We then combine neighborhoods that share the same postal code area.

In [7]:
table=raw_table.groupby('PostalCode', sort=False, as_index=False).agg(lambda x: ', '.join(set(x)))

If we find that a cell has a borough with a 'Not assigned' neighborhood, then the borough's name will replace the 'Not assigned' value.

In [8]:
for i in range(table.shape[0]):
    if table.loc[i,'Neighbourhood'] =='Not assigned':
        table.loc[i,'Neighbourhood'] = table.loc[i,'Borough']

In [9]:
# Sorting the data by postal code area and borough:
table = table.groupby(['PostalCode','Borough'])['Neighbourhood'].apply(', '.join).reset_index()
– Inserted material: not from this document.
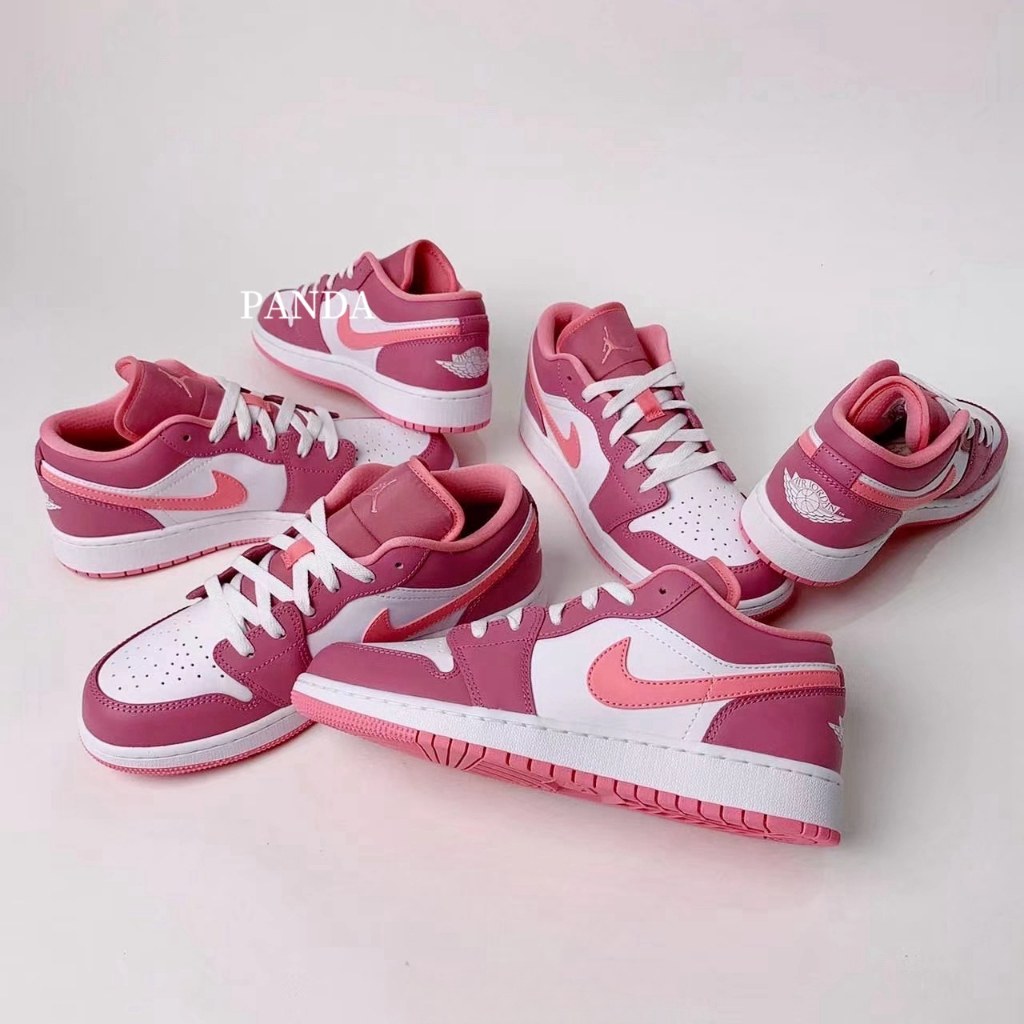 【PANDA 🇰🇷免運】Air Jordan 1 Low 草莓粉 草莓熊 粉白 aj1 休閒鞋 553560-616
We view the new and polished dataframe.

In [10]:
table

Unnamed: 0,PostalCode,Borough,Neighbourhood
0,M1B,Scarborough,"Malvern, Rouge"
1,M1C,Scarborough,"Highland Creek, Port Union, Rouge Hill"
2,M1E,Scarborough,"Morningside, Guildwood, West Hill"
3,M1G,Scarborough,Woburn
4,M1H,Scarborough,Cedarbrae
...,...,...,...
98,M9N,York,Weston
99,M9P,Etobicoke,Westmount
100,M9R,Etobicoke,"Kingsview Village, St. Phillips, Martin Grove ..."
101,M9V,Etobicoke,"Thistletown, Humbergate, Jamestown, Silverston..."


In [11]:
table.shape

(103, 3)

In [12]:
table.to_csv('Toronto_Dataframe.csv',index=False)